● **GOAL OF THE EXERCISE**
Without the pictures, give the records again exactly as they appear.

*** TASK INPUTS ***

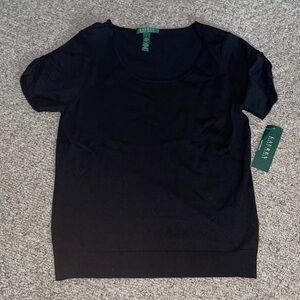 RALPH LAUREN Womens Black Ruched Short Sleeve Top Size: L
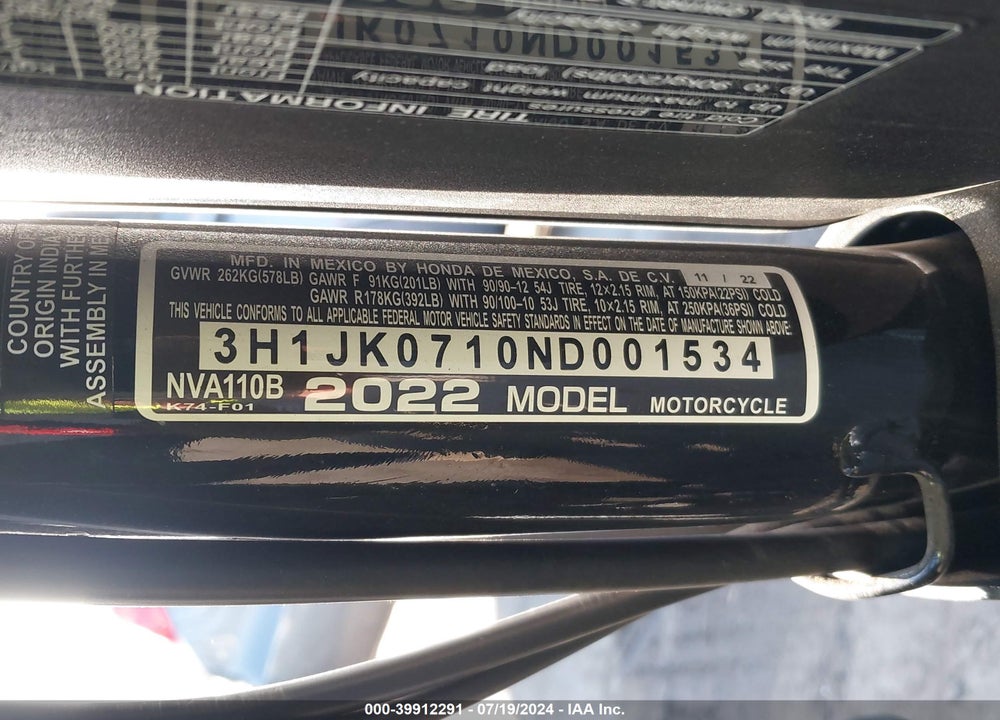 2022 HONDA NVA110 B VIN: 3H1JK0710ND001534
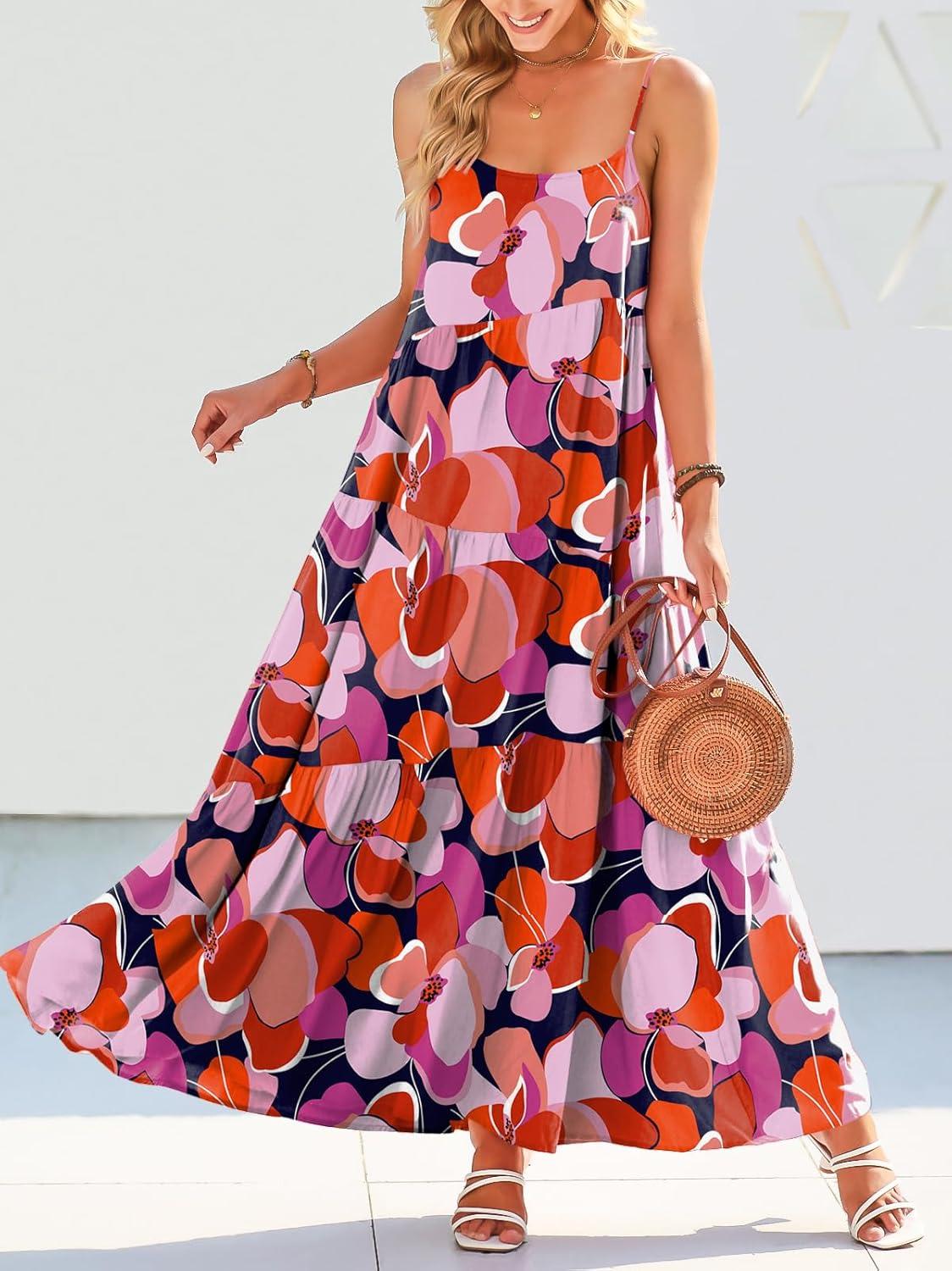 imageANRABESS Women Summer Casual Loose Sleeveless Sundress Spaghetti Strap Flowy Boho Linen Beach Vacation Maxi Long DressPrint Floral Butterfly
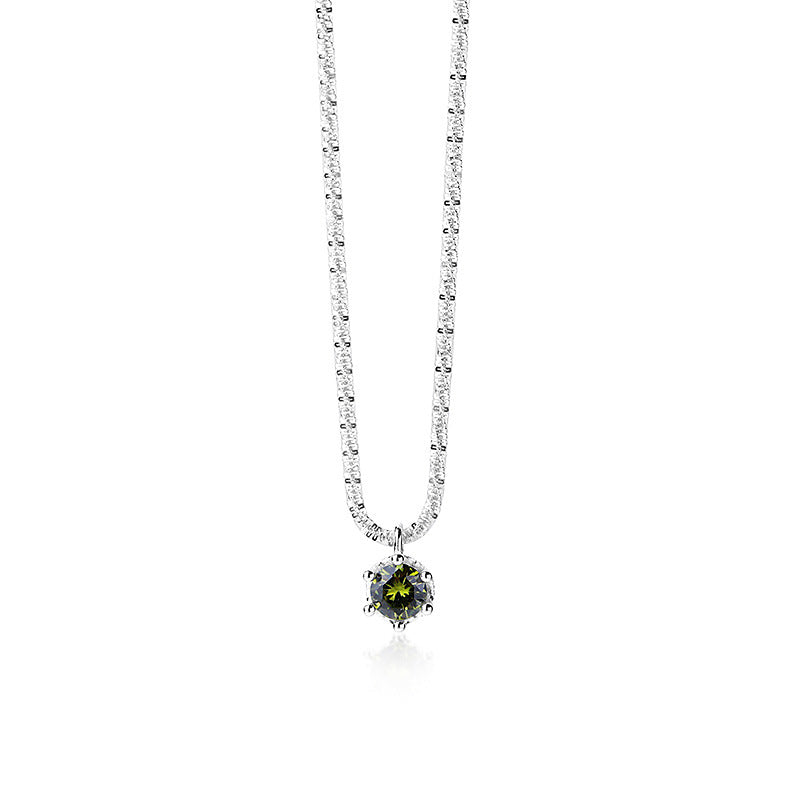 925 Sterling Silver Moissanite zircon necklace
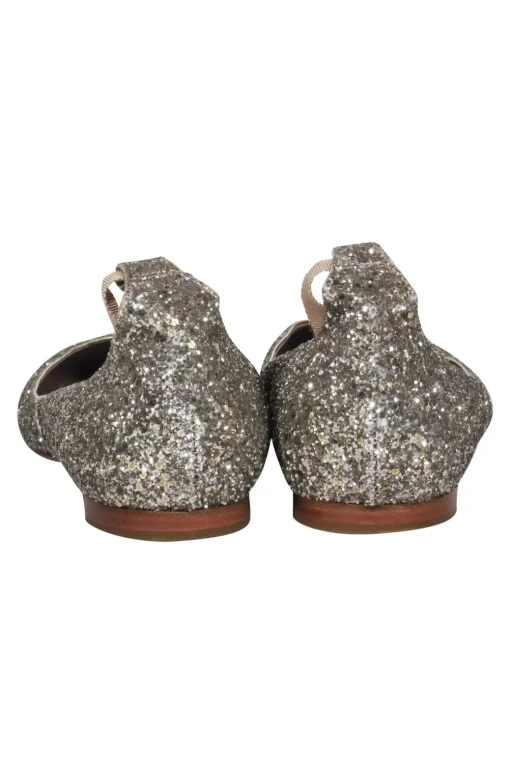 Tabitha Simmons - Gold Sequin Anklewrap Ballet Flats Sz 8.5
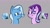 Size: 1920x1080 | Tagged: safe, artist:gobrosstar, starlight glimmer, trixie, pony, unicorn, g4, duo, duo female, female, raised eyebrow, scene interpretation, smiling, unamused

***

● **EXERCISE RESULT**
 RALPH LAUREN Womens Black Ruched Short Sleeve Top Size: L
 2022 HONDA NVA110 B VIN: 3H1JK0710ND001534
 imageANRABESS Women Summer Casual Loose Sleeveless Sundress Spaghetti Strap Flowy Boho Linen Beach Vacation Maxi Long DressPrint Floral Butterfly
 925 Sterling Silver Moissanite zircon necklace
 Tabitha Simmons - Gold Sequin Anklewrap Ballet Flats Sz 8.5
 Size: 1920x1080 | Tagged: safe, artist:gobrosstar, starlight glimmer, trixie, pony, unicorn, g4, duo, duo female, female, raised eyebrow, scene interpretation, smiling, unamused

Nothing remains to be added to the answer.